**Extracted entries:**
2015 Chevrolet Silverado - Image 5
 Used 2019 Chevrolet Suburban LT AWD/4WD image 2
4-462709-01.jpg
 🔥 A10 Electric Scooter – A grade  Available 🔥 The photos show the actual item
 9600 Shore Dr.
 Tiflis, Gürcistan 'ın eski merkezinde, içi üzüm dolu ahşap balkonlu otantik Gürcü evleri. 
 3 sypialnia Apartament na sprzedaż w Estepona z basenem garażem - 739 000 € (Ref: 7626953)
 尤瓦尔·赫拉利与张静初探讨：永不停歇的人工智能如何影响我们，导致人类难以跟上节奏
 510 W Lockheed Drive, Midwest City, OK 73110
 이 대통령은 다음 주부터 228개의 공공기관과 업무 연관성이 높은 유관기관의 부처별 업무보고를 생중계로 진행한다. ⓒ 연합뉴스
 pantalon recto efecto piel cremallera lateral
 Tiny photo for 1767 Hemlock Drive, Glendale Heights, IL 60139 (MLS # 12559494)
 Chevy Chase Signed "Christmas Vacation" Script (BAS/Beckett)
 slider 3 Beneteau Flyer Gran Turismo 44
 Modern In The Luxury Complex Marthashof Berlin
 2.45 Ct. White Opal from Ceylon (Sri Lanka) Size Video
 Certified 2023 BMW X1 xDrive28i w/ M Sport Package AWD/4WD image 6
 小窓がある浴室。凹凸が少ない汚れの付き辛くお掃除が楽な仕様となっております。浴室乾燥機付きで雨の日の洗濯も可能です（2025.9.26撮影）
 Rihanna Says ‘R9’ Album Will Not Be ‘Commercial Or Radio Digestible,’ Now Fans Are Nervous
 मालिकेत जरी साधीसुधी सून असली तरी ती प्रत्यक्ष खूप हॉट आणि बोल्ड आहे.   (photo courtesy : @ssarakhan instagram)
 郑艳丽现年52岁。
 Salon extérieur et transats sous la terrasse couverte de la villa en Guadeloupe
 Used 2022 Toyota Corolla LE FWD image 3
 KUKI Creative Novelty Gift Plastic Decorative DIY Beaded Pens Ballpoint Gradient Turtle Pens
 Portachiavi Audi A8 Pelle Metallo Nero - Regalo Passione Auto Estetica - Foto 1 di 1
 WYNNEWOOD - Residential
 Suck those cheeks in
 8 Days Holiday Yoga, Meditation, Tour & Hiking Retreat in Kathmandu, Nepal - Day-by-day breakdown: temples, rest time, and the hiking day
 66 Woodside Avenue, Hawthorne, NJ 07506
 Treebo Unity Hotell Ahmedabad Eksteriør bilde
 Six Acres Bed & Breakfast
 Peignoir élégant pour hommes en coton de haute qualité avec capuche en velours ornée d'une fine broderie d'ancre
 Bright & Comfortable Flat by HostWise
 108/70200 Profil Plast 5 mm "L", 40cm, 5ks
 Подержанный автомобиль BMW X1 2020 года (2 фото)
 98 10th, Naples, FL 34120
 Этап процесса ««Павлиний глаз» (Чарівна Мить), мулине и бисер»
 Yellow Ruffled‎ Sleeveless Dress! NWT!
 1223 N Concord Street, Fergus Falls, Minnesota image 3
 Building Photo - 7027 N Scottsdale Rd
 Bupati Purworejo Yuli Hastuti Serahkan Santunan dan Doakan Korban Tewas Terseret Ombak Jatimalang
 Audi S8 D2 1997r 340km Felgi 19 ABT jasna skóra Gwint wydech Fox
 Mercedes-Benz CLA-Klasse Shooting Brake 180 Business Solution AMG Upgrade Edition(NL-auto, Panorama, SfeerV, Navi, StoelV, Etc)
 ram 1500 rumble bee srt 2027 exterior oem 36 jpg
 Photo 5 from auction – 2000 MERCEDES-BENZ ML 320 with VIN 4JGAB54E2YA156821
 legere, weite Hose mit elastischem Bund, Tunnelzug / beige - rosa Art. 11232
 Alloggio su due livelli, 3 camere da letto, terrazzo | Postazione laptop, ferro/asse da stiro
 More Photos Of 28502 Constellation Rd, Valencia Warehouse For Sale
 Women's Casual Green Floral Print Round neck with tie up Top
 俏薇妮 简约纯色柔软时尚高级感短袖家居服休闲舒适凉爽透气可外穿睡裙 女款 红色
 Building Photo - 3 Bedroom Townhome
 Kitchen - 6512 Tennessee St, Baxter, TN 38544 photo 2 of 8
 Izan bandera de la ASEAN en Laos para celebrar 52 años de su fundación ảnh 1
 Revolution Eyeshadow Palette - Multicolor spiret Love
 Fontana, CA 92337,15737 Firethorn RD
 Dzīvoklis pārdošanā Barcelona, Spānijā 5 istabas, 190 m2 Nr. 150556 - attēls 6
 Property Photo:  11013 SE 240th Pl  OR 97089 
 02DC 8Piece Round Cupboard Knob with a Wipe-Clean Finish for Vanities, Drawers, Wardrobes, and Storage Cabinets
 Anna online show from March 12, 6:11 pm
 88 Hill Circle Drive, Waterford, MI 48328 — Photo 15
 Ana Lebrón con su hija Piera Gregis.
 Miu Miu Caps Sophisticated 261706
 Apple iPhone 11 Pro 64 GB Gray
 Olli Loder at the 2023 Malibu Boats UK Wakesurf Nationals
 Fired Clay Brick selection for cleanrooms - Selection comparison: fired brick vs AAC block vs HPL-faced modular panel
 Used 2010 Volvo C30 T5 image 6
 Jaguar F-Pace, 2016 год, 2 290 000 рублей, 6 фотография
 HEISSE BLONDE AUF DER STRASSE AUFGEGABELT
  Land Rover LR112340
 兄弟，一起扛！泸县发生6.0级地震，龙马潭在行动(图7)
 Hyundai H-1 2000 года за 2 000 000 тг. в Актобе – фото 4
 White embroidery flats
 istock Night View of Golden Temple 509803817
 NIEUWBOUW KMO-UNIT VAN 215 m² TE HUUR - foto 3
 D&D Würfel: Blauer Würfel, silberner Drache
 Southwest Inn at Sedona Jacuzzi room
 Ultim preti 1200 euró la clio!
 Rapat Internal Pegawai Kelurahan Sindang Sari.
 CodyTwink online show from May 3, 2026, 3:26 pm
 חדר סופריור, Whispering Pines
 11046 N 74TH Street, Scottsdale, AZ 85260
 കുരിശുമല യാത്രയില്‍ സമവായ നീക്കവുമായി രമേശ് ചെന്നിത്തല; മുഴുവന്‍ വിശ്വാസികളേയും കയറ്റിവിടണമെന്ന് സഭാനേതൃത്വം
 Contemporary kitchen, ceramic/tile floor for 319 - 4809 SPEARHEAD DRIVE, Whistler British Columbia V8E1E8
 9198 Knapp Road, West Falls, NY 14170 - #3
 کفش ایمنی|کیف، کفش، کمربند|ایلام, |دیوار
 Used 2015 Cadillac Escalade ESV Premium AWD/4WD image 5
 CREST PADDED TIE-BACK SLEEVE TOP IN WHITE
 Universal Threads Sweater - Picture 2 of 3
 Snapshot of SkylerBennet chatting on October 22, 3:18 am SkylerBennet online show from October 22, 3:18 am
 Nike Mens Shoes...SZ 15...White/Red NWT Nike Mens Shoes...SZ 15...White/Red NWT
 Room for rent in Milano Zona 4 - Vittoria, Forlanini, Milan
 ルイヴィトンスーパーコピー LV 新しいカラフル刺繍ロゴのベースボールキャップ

**Your objective:**
Word for word, reproduce the lines of the listing from the first one through the line containing "Suck those cheeks in", and no more.

**Result:**
2015 Chevrolet Silverado - Image 5
 Used 2019 Chevrolet Suburban LT AWD/4WD image 2
4-462709-01.jpg
 🔥 A10 Electric Scooter – A grade  Available 🔥 The photos show the actual item
 9600 Shore Dr.
 Tiflis, Gürcistan 'ın eski merkezinde, içi üzüm dolu ahşap balkonlu otantik Gürcü evleri. 
 3 sypialnia Apartament na sprzedaż w Estepona z basenem garażem - 739 000 € (Ref: 7626953)
 尤瓦尔·赫拉利与张静初探讨：永不停歇的人工智能如何影响我们，导致人类难以跟上节奏
 510 W Lockheed Drive, Midwest City, OK 73110
 이 대통령은 다음 주부터 228개의 공공기관과 업무 연관성이 높은 유관기관의 부처별 업무보고를 생중계로 진행한다. ⓒ 연합뉴스
 pantalon recto efecto piel cremallera lateral
 Tiny photo for 1767 Hemlock Drive, Glendale Heights, IL 60139 (MLS # 12559494)
 Chevy Chase Signed "Christmas Vacation" Script (BAS/Beckett)
 slider 3 Beneteau Flyer Gran Turismo 44
 Modern In The Luxury Complex Marthashof Berlin
 2.45 Ct. White Opal from Ceylon (Sri Lanka) Size Video
 Certified 2023 BMW X1 xDrive28i w/ M Sport Package AWD/4WD image 6
 小窓がある浴室。凹凸が少ない汚れの付き辛くお掃除が楽な仕様となっております。浴室乾燥機付きで雨の日の洗濯も可能です（2025.9.26撮影）
 Rihanna Says ‘R9’ Album Will Not Be ‘Commercial Or Radio Digestible,’ Now Fans Are Nervous
 मालिकेत जरी साधीसुधी सून असली तरी ती प्रत्यक्ष खूप हॉट आणि बोल्ड आहे.   (photo courtesy : @ssarakhan instagram)
 郑艳丽现年52岁。
 Salon extérieur et transats sous la terrasse couverte de la villa en Guadeloupe
 Used 2022 Toyota Corolla LE FWD image 3
 KUKI Creative Novelty Gift Plastic Decorative DIY Beaded Pens Ballpoint Gradient Turtle Pens
 Portachiavi Audi A8 Pelle Metallo Nero - Regalo Passione Auto Estetica - Foto 1 di 1
 WYNNEWOOD - Residential
 Suck those cheeks in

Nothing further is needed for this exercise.